(Data extracted from a collection)
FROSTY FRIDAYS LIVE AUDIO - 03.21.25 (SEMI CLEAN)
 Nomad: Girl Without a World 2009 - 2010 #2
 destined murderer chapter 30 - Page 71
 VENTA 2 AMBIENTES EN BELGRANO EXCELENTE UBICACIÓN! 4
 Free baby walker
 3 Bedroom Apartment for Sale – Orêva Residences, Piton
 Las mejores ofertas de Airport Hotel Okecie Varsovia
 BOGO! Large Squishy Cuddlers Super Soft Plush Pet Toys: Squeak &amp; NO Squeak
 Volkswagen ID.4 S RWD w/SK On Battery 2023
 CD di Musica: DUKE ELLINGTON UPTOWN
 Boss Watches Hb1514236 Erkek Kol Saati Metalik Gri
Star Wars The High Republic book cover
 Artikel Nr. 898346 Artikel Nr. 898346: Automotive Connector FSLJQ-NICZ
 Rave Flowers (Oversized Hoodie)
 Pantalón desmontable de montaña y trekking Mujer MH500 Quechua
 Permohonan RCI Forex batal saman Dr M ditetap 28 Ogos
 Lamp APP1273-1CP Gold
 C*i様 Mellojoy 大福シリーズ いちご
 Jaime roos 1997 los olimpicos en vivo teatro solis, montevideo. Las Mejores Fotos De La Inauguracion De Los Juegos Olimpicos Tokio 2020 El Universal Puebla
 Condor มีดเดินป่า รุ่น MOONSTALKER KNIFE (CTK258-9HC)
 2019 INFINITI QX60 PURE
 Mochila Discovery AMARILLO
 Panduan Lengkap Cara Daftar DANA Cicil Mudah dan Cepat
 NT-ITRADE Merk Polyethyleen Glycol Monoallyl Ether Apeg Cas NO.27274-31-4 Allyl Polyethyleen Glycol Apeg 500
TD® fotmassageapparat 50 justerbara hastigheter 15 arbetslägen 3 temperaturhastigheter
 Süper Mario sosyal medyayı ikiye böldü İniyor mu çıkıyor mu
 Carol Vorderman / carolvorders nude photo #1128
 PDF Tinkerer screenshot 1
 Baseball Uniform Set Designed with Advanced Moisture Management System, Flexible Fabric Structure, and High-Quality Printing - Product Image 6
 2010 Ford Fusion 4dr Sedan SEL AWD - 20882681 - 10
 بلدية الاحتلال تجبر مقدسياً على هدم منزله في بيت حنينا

■ **DESCRIPTION OF THE TASK**
Every entry must appear in the answer, reproduced exactly.

■ **RESPONSE FOR THIS EXERCISE**
FROSTY FRIDAYS LIVE AUDIO - 03.21.25 (SEMI CLEAN)
 Nomad: Girl Without a World 2009 - 2010 #2
 destined murderer chapter 30 - Page 71
 VENTA 2 AMBIENTES EN BELGRANO EXCELENTE UBICACIÓN! 4
 Free baby walker
 3 Bedroom Apartment for Sale – Orêva Residences, Piton
 Las mejores ofertas de Airport Hotel Okecie Varsovia
 BOGO! Large Squishy Cuddlers Super Soft Plush Pet Toys: Squeak &amp; NO Squeak
 Volkswagen ID.4 S RWD w/SK On Battery 2023
 CD di Musica: DUKE ELLINGTON UPTOWN
 Boss Watches Hb1514236 Erkek Kol Saati Metalik Gri
Star Wars The High Republic book cover
 Artikel Nr. 898346 Artikel Nr. 898346: Automotive Connector FSLJQ-NICZ
 Rave Flowers (Oversized Hoodie)
 Pantalón desmontable de montaña y trekking Mujer MH500 Quechua
 Permohonan RCI Forex batal saman Dr M ditetap 28 Ogos
 Lamp APP1273-1CP Gold
 C*i様 Mellojoy 大福シリーズ いちご
 Jaime roos 1997 los olimpicos en vivo teatro solis, montevideo. Las Mejores Fotos De La Inauguracion De Los Juegos Olimpicos Tokio 2020 El Universal Puebla
 Condor มีดเดินป่า รุ่น MOONSTALKER KNIFE (CTK258-9HC)
 2019 INFINITI QX60 PURE
 Mochila Discovery AMARILLO
 Panduan Lengkap Cara Daftar DANA Cicil Mudah dan Cepat
 NT-ITRADE Merk Polyethyleen Glycol Monoallyl Ether Apeg Cas NO.27274-31-4 Allyl Polyethyleen Glycol Apeg 500
TD® fotmassageapparat 50 justerbara hastigheter 15 arbetslägen 3 temperaturhastigheter
 Süper Mario sosyal medyayı ikiye böldü İniyor mu çıkıyor mu
 Carol Vorderman / carolvorders nude photo #1128
 PDF Tinkerer screenshot 1
 Baseball Uniform Set Designed with Advanced Moisture Management System, Flexible Fabric Structure, and High-Quality Printing - Product Image 6
 2010 Ford Fusion 4dr Sedan SEL AWD - 20882681 - 10
 بلدية الاحتلال تجبر مقدسياً على هدم منزله في بيت حنينا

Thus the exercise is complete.